→ **ASSIGNED TASK**: Reproduce the whole listing that follows, character for character, and drop the images.

● ● ●

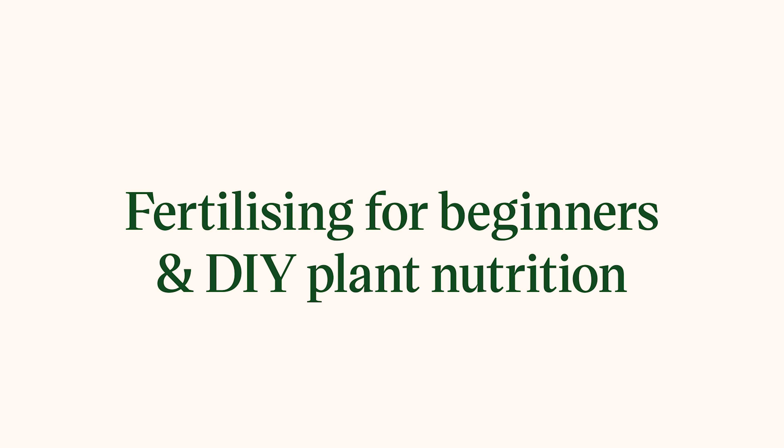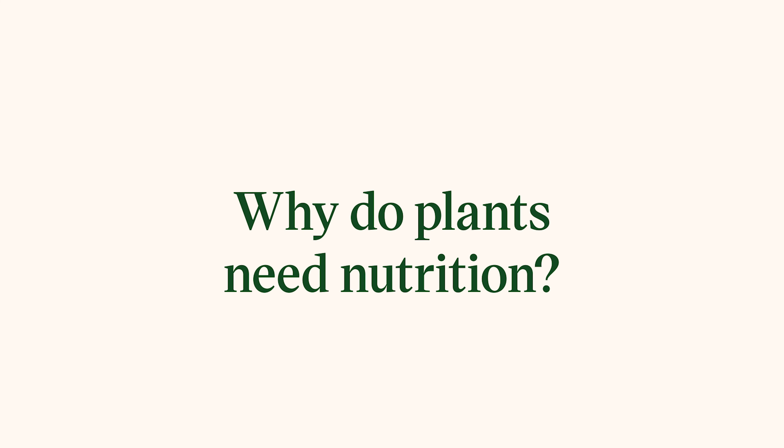Hi plant lovers! My name is Corleine and today I'm going to talk about fertilizing. In this video, I explain everything you need to know about plant fertilizing, share my best tips, and show you a fun DIY to make your own plant food. Are you ready? Let's dive in!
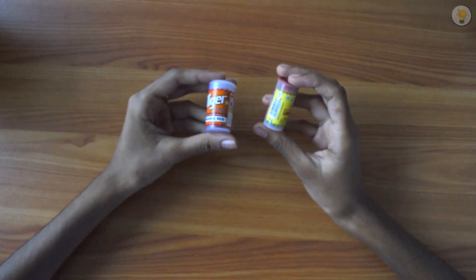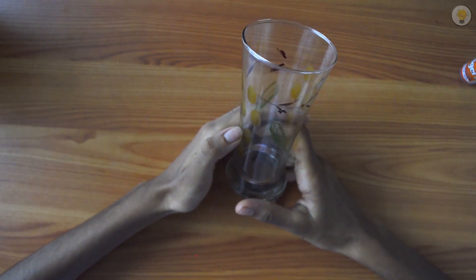We also need Synthetic Food Color and a glass. This experiment uses a glass container. We are using a 120ml Hydrogen Peroxide Solution.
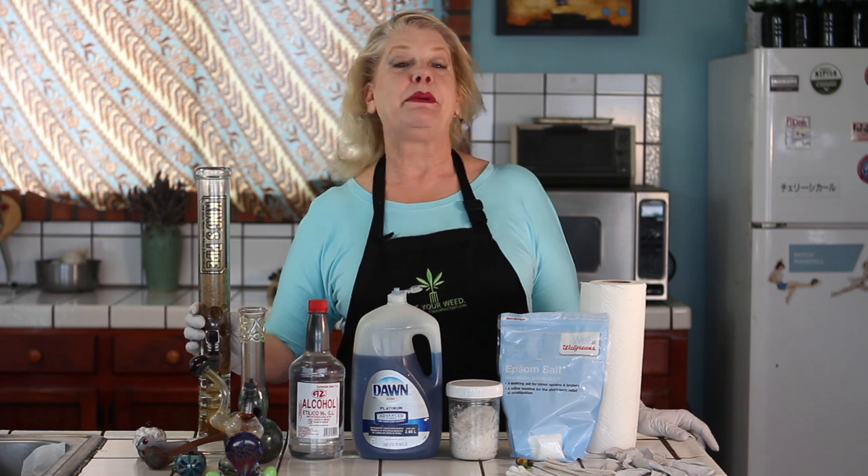Hi everybody, it's Sherry Saccard, aka Cannabis Sherry, and I'm here today because it's housekeeping day. I'm about to clean some glassware — glass pipes, glass bongs, glass dab rigs. But before I do that, I just wanted to remind everybody to hit that YouTube subscribe button and the notification bell, because I upload new videos every Wednesday.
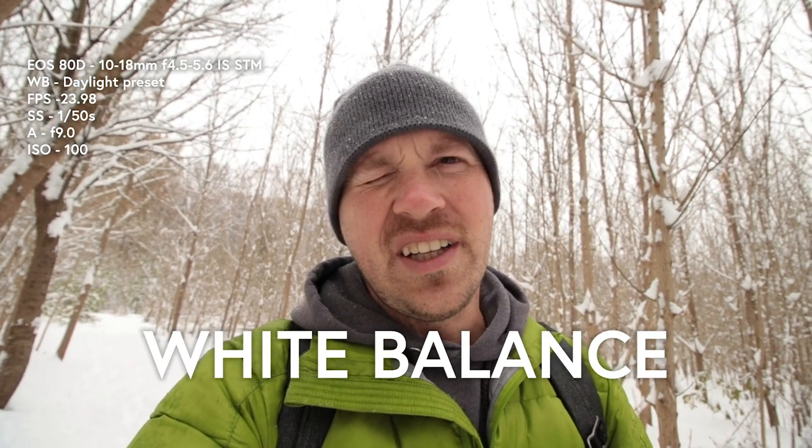White balance is basically just the way that the camera interprets what white is. If you're outside, your white balance is going to be warmer — more yellow. If you're inside with tungsten lights, it's going to be more blue. Depending on where you're at, you need to adjust your white balance. You can always put it on auto, which I use when I'm going inside and outside a lot. But if I really want to dial in my settings, I need to make sure my white balance is appropriate, and the way I usually judge it is by skin tones.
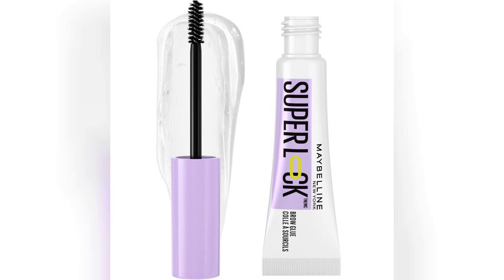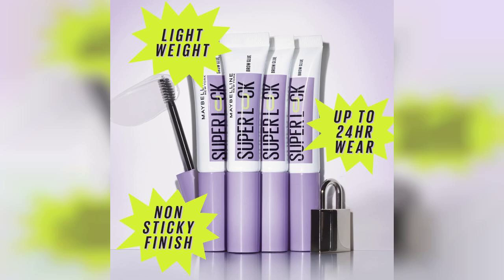Welcome to my channel. Today, I'm excited to share my thoughts on the Maybelline SuperLock Brow Glue Eyebrow Gel. If you're looking for a reliable brow gel that promises a lightweight feel and up to 24 hours of hold, you're in the right place. And just a quick reminder — if you're interested in purchasing this product, the link is pinned in the first comment below.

● ● ●

→ **SOLUTION**:
Hi plant lovers! My name is Corleine and today I'm going to talk about fertilizing. In this video, I explain everything you need to know about plant fertilizing, share my best tips, and show you a fun DIY to make your own plant food. Are you ready? Let's dive in!
We also need Synthetic Food Color and a glass. This experiment uses a glass container. We are using a 120ml Hydrogen Peroxide Solution.
Hi everybody, it's Sherry Saccard, aka Cannabis Sherry, and I'm here today because it's housekeeping day. I'm about to clean some glassware — glass pipes, glass bongs, glass dab rigs. But before I do that, I just wanted to remind everybody to hit that YouTube subscribe button and the notification bell, because I upload new videos every Wednesday.
White balance is basically just the way that the camera interprets what white is. If you're outside, your white balance is going to be warmer — more yellow. If you're inside with tungsten lights, it's going to be more blue. Depending on where you're at, you need to adjust your white balance. You can always put it on auto, which I use when I'm going inside and outside a lot. But if I really want to dial in my settings, I need to make sure my white balance is appropriate, and the way I usually judge it is by skin tones.
Welcome to my channel. Today, I'm excited to share my thoughts on the Maybelline SuperLock Brow Glue Eyebrow Gel. If you're looking for a reliable brow gel that promises a lightweight feel and up to 24 hours of hold, you're in the right place. And just a quick reminder — if you're interested in purchasing this product, the link is pinned in the first comment below.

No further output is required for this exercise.